Somewhere back in the mid-1980s, I was flying a Fairchild Metroliner enroute to Richmond, Virginia, from who-knows-where. It was winter, we were IMC, and we were getting ice. We had no autopilot. I probably had a new first officer, or I may even have been conducting initial operating experience… I can’t recall… but in any event, the cockpit workload was pretty high. At some point, I decided that I didn’t have time to keep checking the wing to see when it was time to pop the boots again. I reached down and pushed the rocker switch down, to automatic, instead of up, the single-cycle position.
I had never done that before. Like most pilots of the pneumatic boot crowd, we were well schooled on the notion of ice bridging. Although the airplane was equipped with an auto cycle option, nobody ever used it. The premise was that unless the ice accretion rate was precisely aligned with the cycle timing, you would end up with ice bridging. Instead, we delayed operation of the boots until a requisite thickness of ice had accreted.
A few minutes later, I remembered the ice, and checked the wing. To my utter surprise, it was nearly clean.
Ice bridging is the idea that if you operate the boots too early, you will stretch the ice but not fracture it. When the boot deflates following the cycle, the stretched ice will remain, with more ice building on top of it.

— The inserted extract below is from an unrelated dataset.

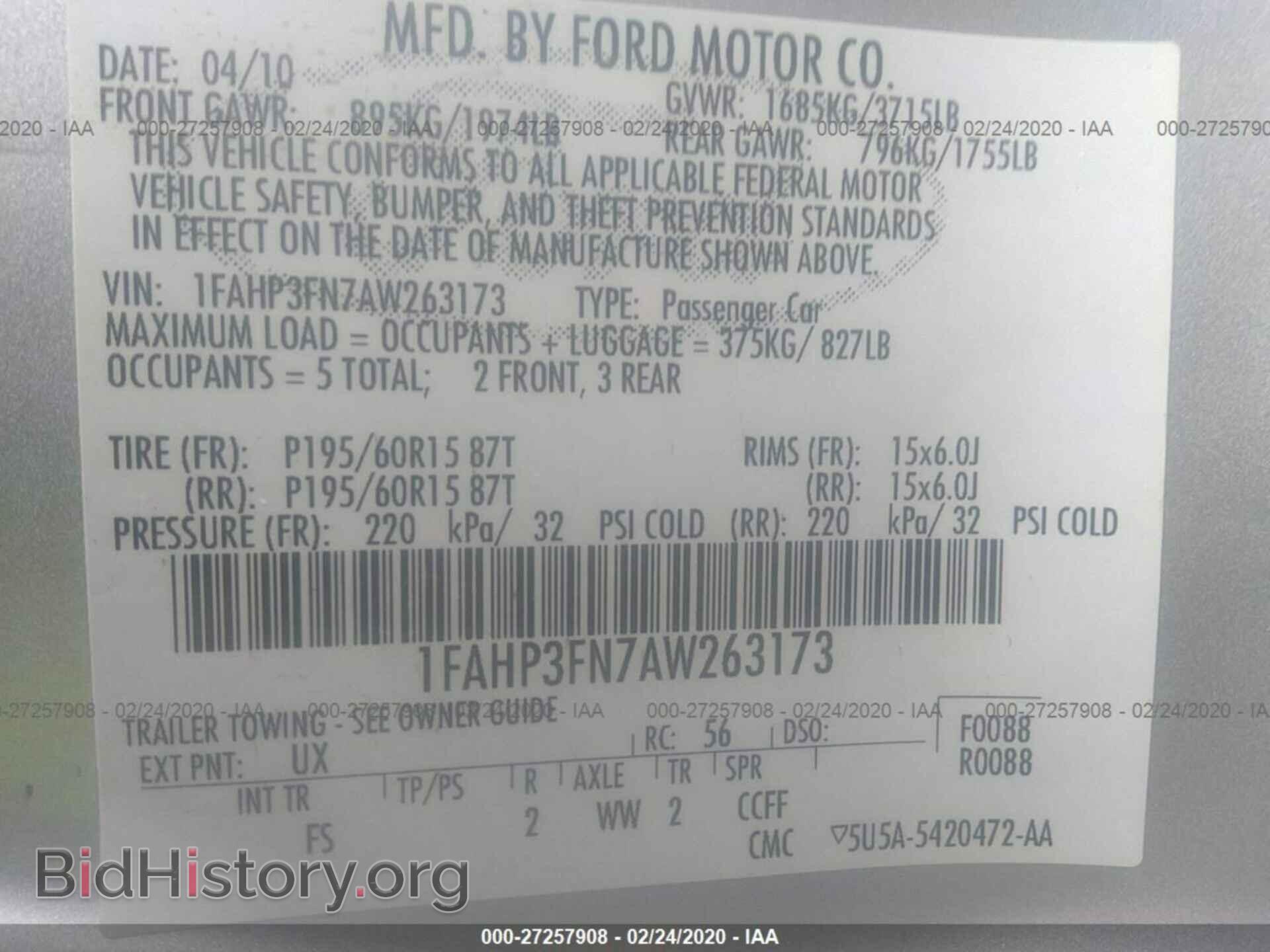 2010 FORD FOCUS - VIN: 1FAHP3FN7AW263173 - Фото 9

Ergo, the next cycle of the boot will be useless, because the boot will simply expand into the cavity underneath the previously stretched ice. It can be traced back to at least the 1943 edition of Civil Aeronautics Bulletin No. 25, Meteorology for Pilots, which stated that, “If aircraft is equipped with leading edge boot type de-icers, allow ice to form to inch thick, then crack off by inflating de-icers. Use de-icers periodically as ice forms. This prevents ice from forming a pocket in which the boot expands…” The identical phrase is found in Zweng’s Airline Transport Rating textbook from 1947, so it is difficult to know who had actually thought about the idea, and who was copy-and-pasting.
It was enshrined in the FAA Aircraft Icing Handbook as late as 1991, which stated that, “Bridging is the formation of an arch of ice over the boot which is not removed by boot inflation. This can occur if the system is activated too early or too frequently, especially in glaze icing conditions.” The Handbook went on to opine that, “A certain degree of pilot skill is required for safe and effective pneumatic boot operation. Actuation when accreted ice is too thin may result in ‘bridging’ where the formation of ice over the boot is not cracked by boot inflation. Thus, attention is required to judge whether the cycle time continues to be correct as icing conditions change.”
Yet there is not a single test conducted in anyone’s icing research wind tunnel that has been able to replicate ice bridging, nor are there any accidents that document ice bridging as a cause or contributory factor. There are precisely two reports in forty years of NTSB data that use the term. To be fair, there are plenty of accidents for which we do not have any specific cause aside from a generalization, or even any pilot accounts, so we don’t know what many of those pilots saw; that said, there are also precisely two reports in the entire NASA Aviation Safety Reporting System that use the term ice bridging. In the FAA Accident and Incident Data System, the term does not appear. Most interestingly, the term is never used in the Transportation Safety Board of Canada’s accident data, nor does it appear in Canada’s Civil Aviation Daily Occurrence Reporting System (CADORS).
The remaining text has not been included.